先ほどから、冷や汗が止まらない。首筋に雫が伝っては、肌を伝い、服を濡らすという一連の動作を絶え間なく繰り返している。


私は、なにを思ったのか、ベッドから体を起こし、扉に向かい歩き始める。おぼつかない足取りで、一歩進むごとに頭がギンと鋭く痛む。

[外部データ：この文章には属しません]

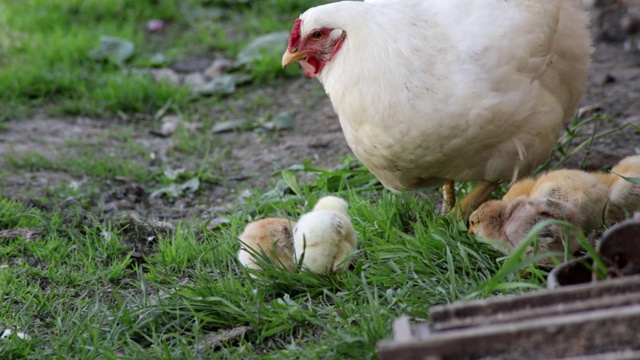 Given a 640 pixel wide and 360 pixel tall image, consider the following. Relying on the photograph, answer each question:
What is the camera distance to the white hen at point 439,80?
126 inches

部屋をでる。左に向かい、歩みを進める。汗が一滴、頬から落ちる。


廊下を歩く。体を左右に揺らしながら。

あそこも、あそこも、見える限りのすべての場所に、兄との思い出が張り付いている。

追憶しているのではない。追憶する間もなく、溢れ出てくるのだ。それでいて、離れない。


ゆっくりと隅まで見回しながら、歩く。

気づいたら、庭に出ていた。

思い出すのは、別れの場面。

あれが、今生の別れになろうとは。私は、再び目を閉ざす。


少しうつむく。再開を約束した兄は嘘つきなのか。嘘つきなのだろうか。……私を、だましたのか。

いや、ちがう。わたしが皆を………




そう思ったあたりから、私のリミッターにははっきりとヒビが走った。


「もう………いやだ」


悪い想像しかできなくなっている。目の前が瞬く間に見えなくなる。

顔を思いっきりゆがめる。ゆがめたまま、戻らなくなる。

天を仰ぐように空に目を向ける。今の私は、さぞかしひどい顔をしているのだろう。


「ああ、、あ、ぁ、、、」


地面に膝をつく。手をつく。下を向く。涙があふれだす。ぼたぼたと音が鳴る。

兄の笑い声。兄の笑顔。兄の。アル兄さんの、顔が、声が、ありありと浮かぶ。


私には、アル兄ちゃんしかいなかった。だから、いままでやってこれた。だのに、アル兄ちゃんは、もういない。




殺したのは?




……………私である。


もう、くるっている。すべて。




瞬間、はっきりと、聞こえた。パキンと。私が折れる音が。


「ん、んううううううああああっ!!!!」


おもいでがよみがえる。あざやかで、かがやいていた。あのときの。

みんないた。あの時の。思い出が。


もう、ないのに。わたしが、こわしたのに。つごうがよいことこのうえないのに。


「ああああっっあああああああああああ゛っっ!!!!!!!!!」


みんなでわらった。あの時のえがおが、頭に残る。

まるで、おもいでが夢だったかのように、あこがれの気持ちがうかぶ。


「ああああああああああぁぁぁぁぁぁぁぁぁぁああああああ」


今ではもう昔の、くだらない日々。

わたしは、その砕け散ったかけらを、取り戻したいと、強く願った。


「…んで、な、、ん・・・・ん、な。おいてくんだよお………」


わたしは最後に、あろうことか、一人であることを嘆いた。


空はいつのまにか雲一つなくなっており。

今日は、春にしてはまだ少し寒さの残る、肌寒い日だった。


私は、気づいた時には、自らに呪いの言葉を吐いていた。











言霊げんれい

声に発することで、超常的な現象を現実に導くことができる異能。この力を以てすれば、対象を操作すること、ないはずのものを出現させること、ひいては運命を変革することさえ可能である。なお、言霊能力は使い手の人格によってそれぞれ形づくられる。 

(『言霊の始祖』レア領領主 トモリ・レアホワイト)


アーリン・フーシレア。

レア領『緑耳』地方守護アレラ・フーシレアの姪。フーシレア家とは、風の言霊を司る一族である。


彼女は、幼少から言霊を発動できない。故に、自らに大きな引け目を感じていた。